▶ _What you need to do_
Return only the lines of the data below from the line with "Hi friends, welcome" up to and including the line with "Let's go all", exactly as written, with the pictures omitted.

[Provided material Boundary: Start]

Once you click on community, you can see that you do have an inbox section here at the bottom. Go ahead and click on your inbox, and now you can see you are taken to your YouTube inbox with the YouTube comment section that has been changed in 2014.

[Provided material Boundary: End]
[Provided material Boundary: Start]

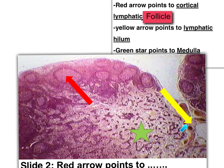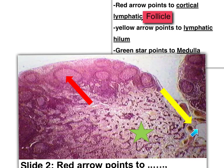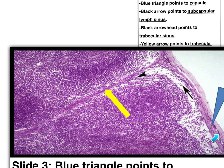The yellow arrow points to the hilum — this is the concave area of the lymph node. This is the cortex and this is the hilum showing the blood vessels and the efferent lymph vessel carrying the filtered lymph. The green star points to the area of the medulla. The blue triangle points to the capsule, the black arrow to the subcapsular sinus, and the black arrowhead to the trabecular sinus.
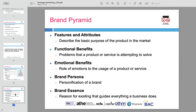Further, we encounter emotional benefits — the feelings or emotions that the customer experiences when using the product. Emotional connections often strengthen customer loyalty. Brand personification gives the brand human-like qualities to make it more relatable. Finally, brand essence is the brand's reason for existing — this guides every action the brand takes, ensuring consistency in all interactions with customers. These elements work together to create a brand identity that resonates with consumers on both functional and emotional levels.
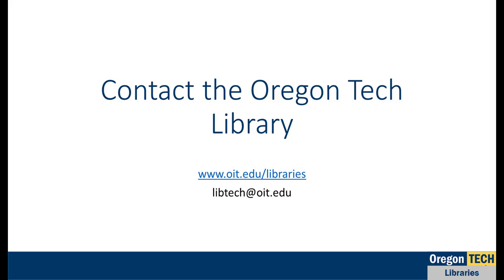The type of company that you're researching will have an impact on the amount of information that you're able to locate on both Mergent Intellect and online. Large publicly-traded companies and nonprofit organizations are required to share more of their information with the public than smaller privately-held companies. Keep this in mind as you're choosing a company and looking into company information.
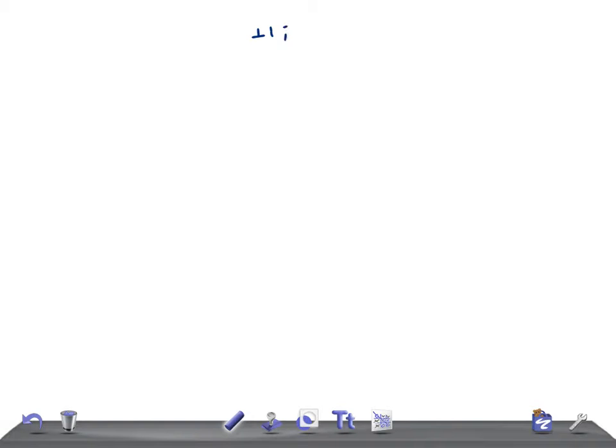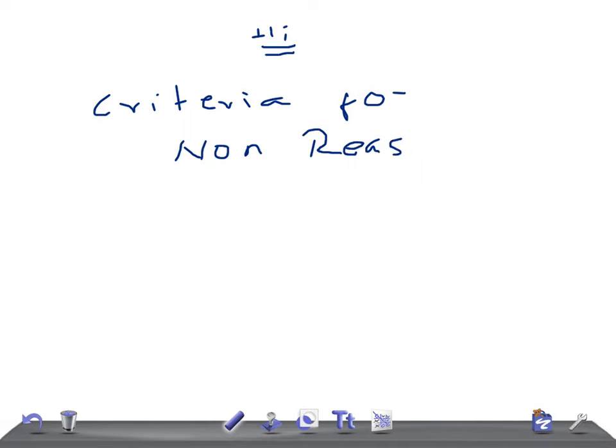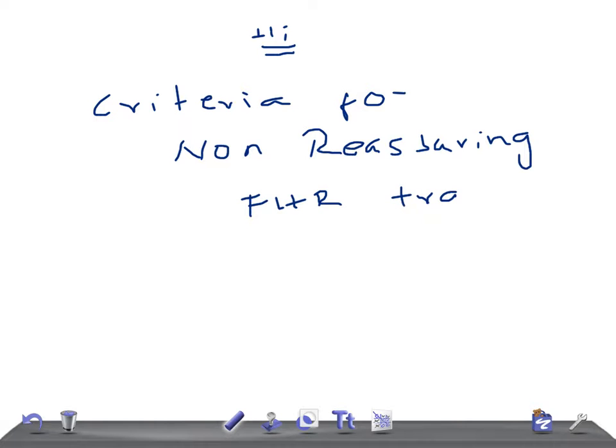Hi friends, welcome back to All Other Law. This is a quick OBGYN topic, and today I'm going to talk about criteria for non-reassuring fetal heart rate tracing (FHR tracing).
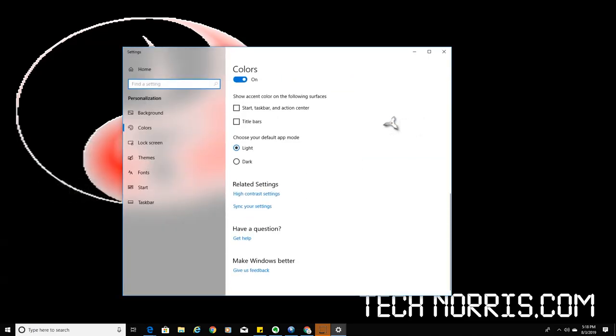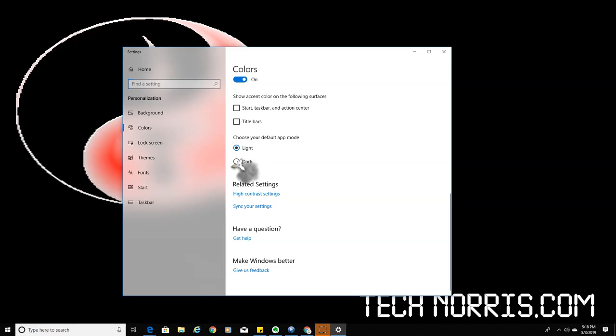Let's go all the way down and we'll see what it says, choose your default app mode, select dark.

[Provided material Boundary: End]

▶ _Result of the task_
Hi friends, welcome back to All Other Law. This is a quick OBGYN topic, and today I'm going to talk about criteria for non-reassuring fetal heart rate tracing (FHR tracing).
Let's go all the way down and we'll see what it says, choose your default app mode, select dark.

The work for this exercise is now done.